Como poderiam topar com o reino de Deus que é invisível, tal como o próprio Deus, que é espírito, confiando apenas nos preceitos exteriores da Lei, como por exemplo o ato de dizimar, e omitindo no ensino deles e vida, o que há de mais importante na lei, que é a justiça de Deus, a misericórdia e a fé?
Sem fé ninguém pode agradar a Deus. Ninguém pode ser salvo, porque a salvação é somente por fé.
Sem misericórdia não se pode alcançar misericórdia e em consequência o reino dos céus. Porque é pela misericórdia que somos salvos, em razão de sermos pecadores.
E como poderiam os escribas e fariseus serem salvos, enquanto continuassem se achando justos a seus próprios olhos diante de Deus?
Eles pensavam que não necessitavam da misericórdia de Deus.
Eles consideravam que somente eles eram salvos por serem religiosos, e que todos os demais homens estavam perdidos, a menos que se tornassem um deles.
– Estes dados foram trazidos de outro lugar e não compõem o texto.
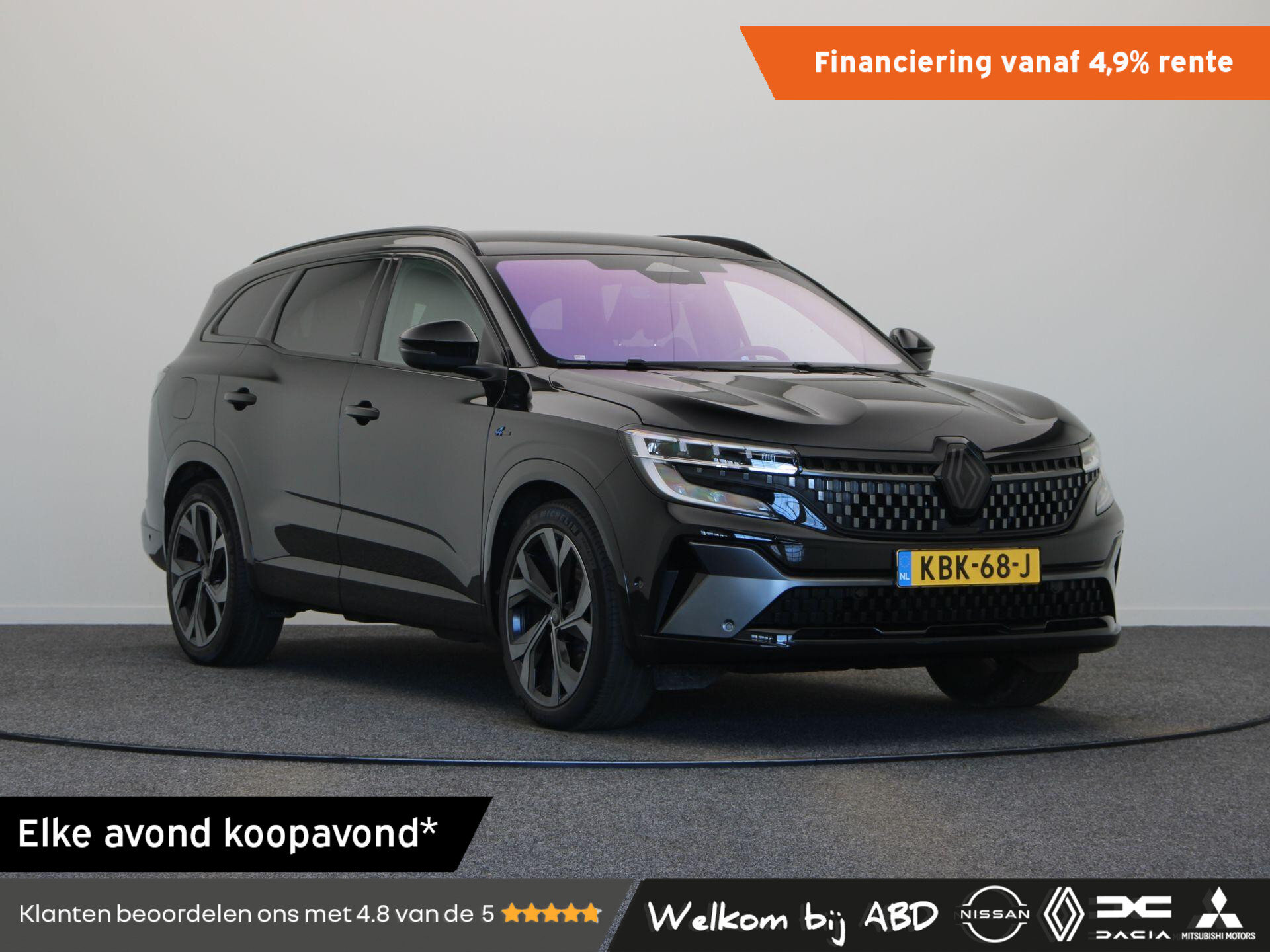 Renault Espace full hybrid 200pk Esprit Alpine 7p.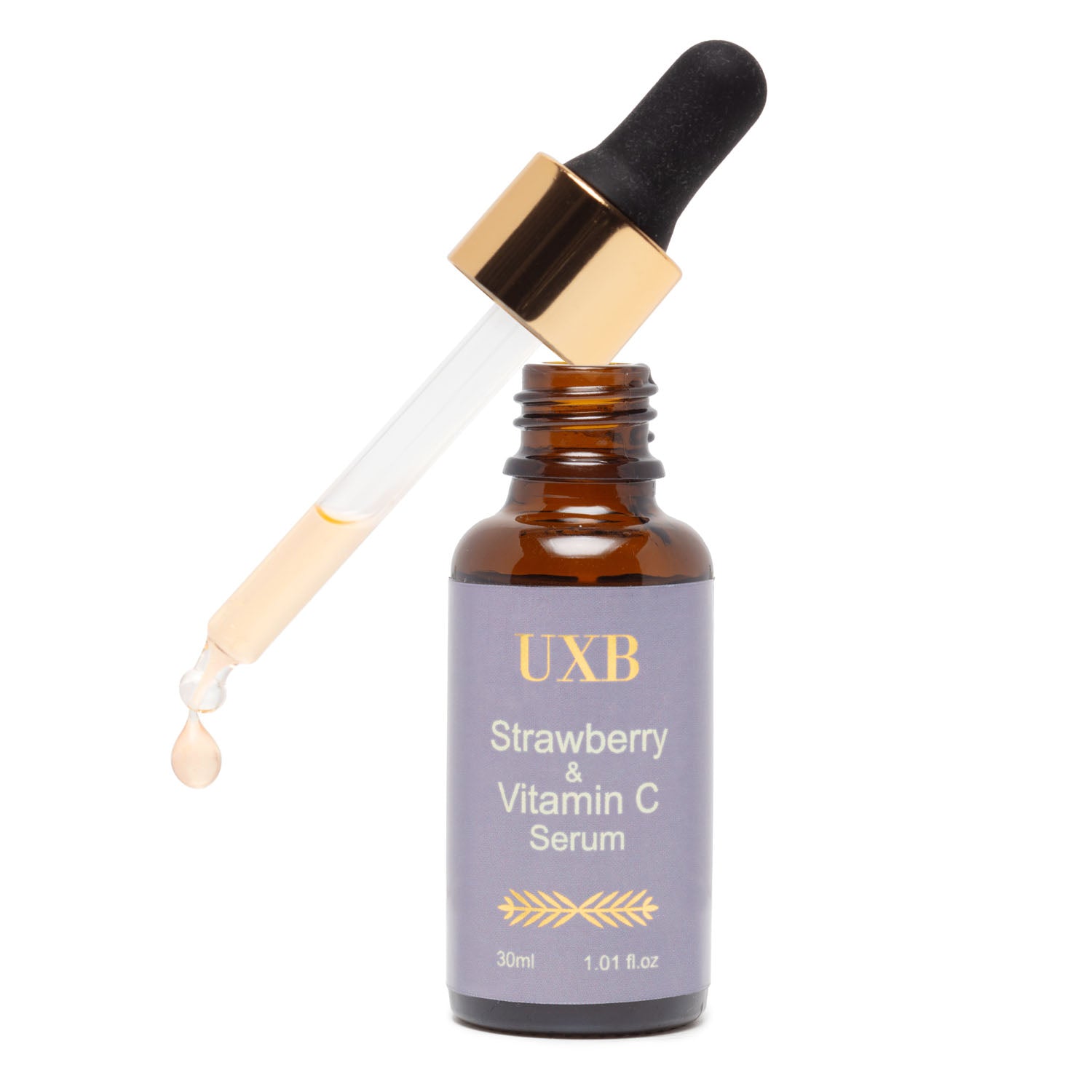 Strawberry & Vitamin C Serum - 15% Pure L-Ascorbic Acid for Brighter Skin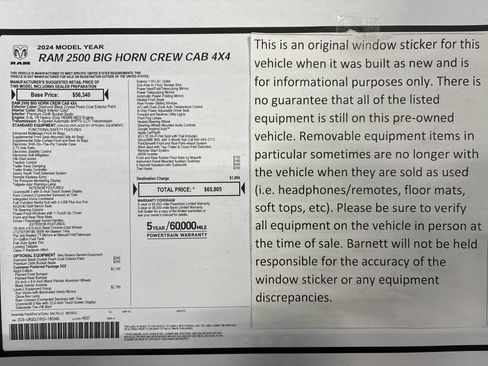 Certified 2024 RAM 2500 Big Horn w/ Night Edition AWD/4WD image 2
Nosso Senhor, demonstrou quão errados estavam em relação a isto.
Eles deveriam continuar dizimando conforme era determinado pela Lei de Moisés, mas não deveriam confiar que seria por meio disto que viriam a obter a salvação.
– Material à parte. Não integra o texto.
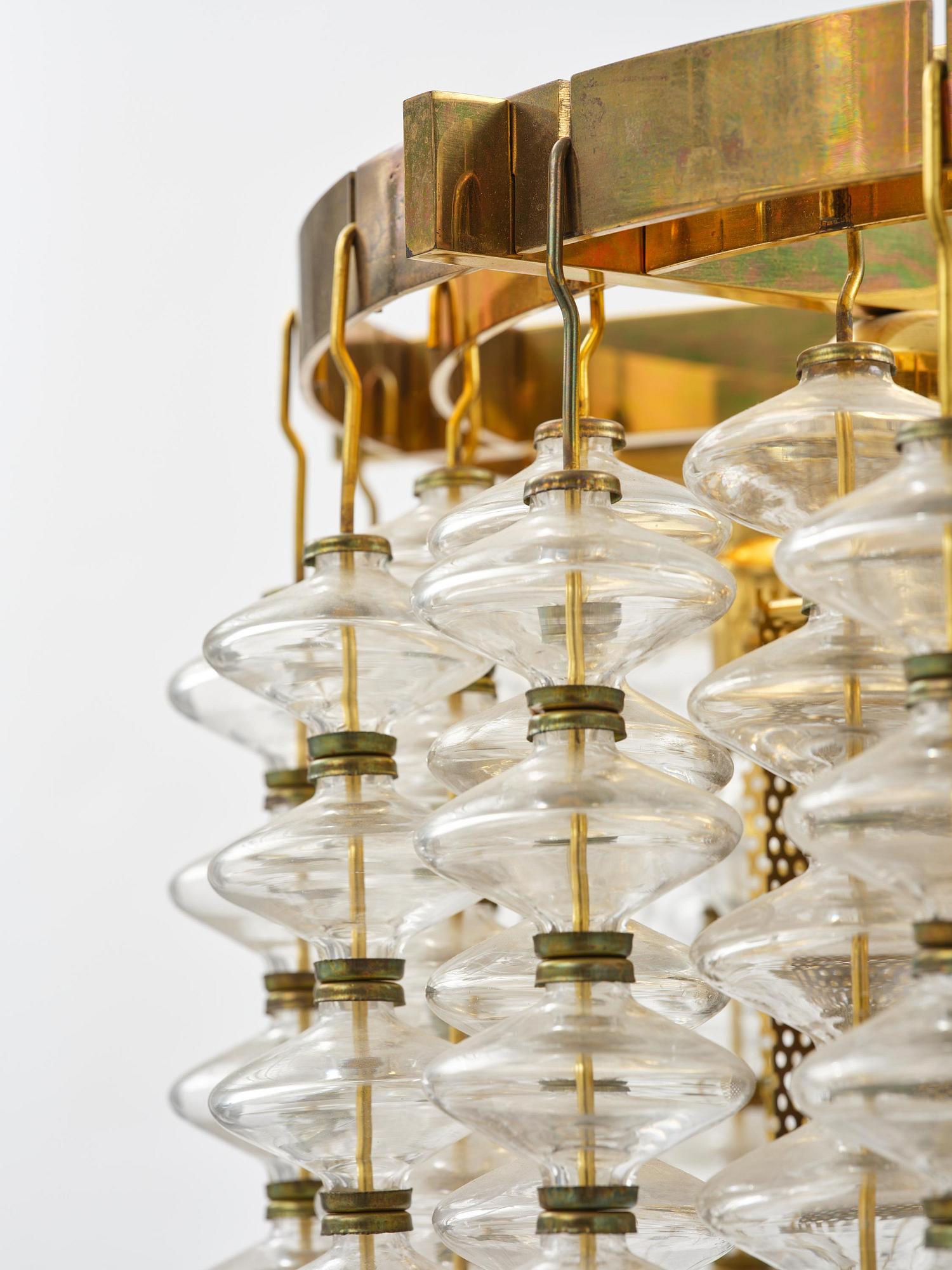 Hans-Agne Jakobsson, taklampa, "Estrella", modell "T 580", Hans-Agne Jakobsson AB, Markaryd, 1960-70-tal.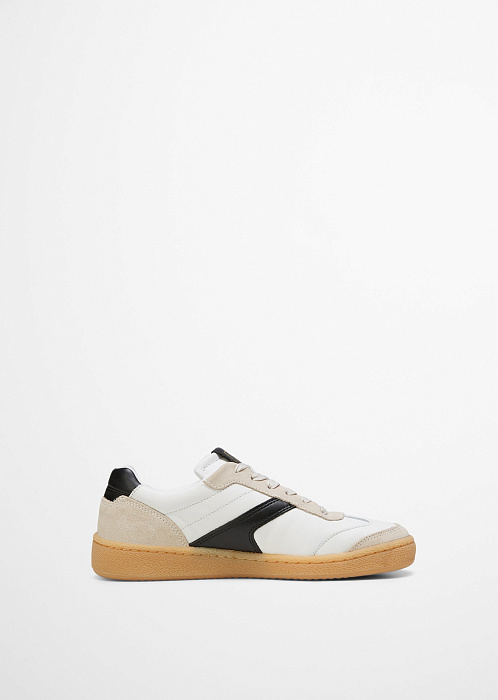 Кроссовки из натуральной кожи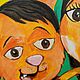 Painting children's portrait of children in the form of cats. Pictures. paintmart (oikos). My Livemaster. Фото №5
Eles estavam portanto engolindo um camelo, enquanto coavam um mosquito.
O que faziam era como coar um mosquito, ao que eles eram dados na prática, para evitar serem contaminados cerimonialmente, quando se embriagavam bebendo vinho, para não correrem o risco de sorverem um mosquito juntamente com a bebida. Contudo, a par da preocupação deles de cumprirem a Lei cerimonial, engoliam camelos nos grosseiros pecados que praticavam, especialmente o de rejeitarem a fé, a justiça e a misericórdia.
Eles eram na verdade como sepulcros: belos por fora mas cheios de podridão por dentro, porque se encontravam mortos em seus pecados, enquanto passavam uma falsa aparência de estarem vivos e limpos para o povo de Israel.
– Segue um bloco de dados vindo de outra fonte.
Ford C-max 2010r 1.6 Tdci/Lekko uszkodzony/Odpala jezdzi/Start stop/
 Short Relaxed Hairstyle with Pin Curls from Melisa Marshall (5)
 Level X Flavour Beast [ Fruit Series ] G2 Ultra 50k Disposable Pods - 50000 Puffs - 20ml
Nosso Senhor expôs abertamente que apesar de parecerem justos exteriormente aos homens, na verdade estavam cheios de hipocrisia e de iniquidade em seus corações (v. 28).  
Este era o motivo de rejeitarem os profetas, porque eles protestavam contra o pecado. Eles não queriam que fosse manifestado publicamente aquilo que eles eram realmente. Então sempre procurariam matar aqueles que fossem enviados por nosso Senhor, depois da Sua morte e ressurreição, a pretexto de estarem guardando a Lei e a religião de Israel, a qual eles haviam deturpado grandemente.
O real motivo seria o de expulsarem a luz para longe, para que não fossem reveladas as suas más obras. Por isso os perseguiriam, e a alguns matariam, para com isso apagar a luz divina que revelaria a real condição deles. Nosso Senhor profetizou que tudo isto sucederia àquela geração, e de fato foi o que ocorreu, conforme vemos nas páginas do Novo Testamento, especialmente no livro de Atos, nas perseguições que os judeus, e especialmente os sacerdotes, escribas e fariseus empreenderam contra a Igreja de Cristo.  Esta foi a razão de terem martirizado Estevão logo no início da Igreja.
Cerca de 40 anos depois da morte de nosso Senhor, os judeus seriam expulsos de sua terra pelos romanos, e o templo seria destruído por eles, o que abrandaria em muito as perseguições que eram empreendidas pelos judeus, porque isto foi um duro golpe no orgulho nacional e religioso deles, que lhes viera na forma de um juízo de Deus, por causa da rejeição de Cristo e de todas as perseguições que estavam realizando contra a Sua Igreja.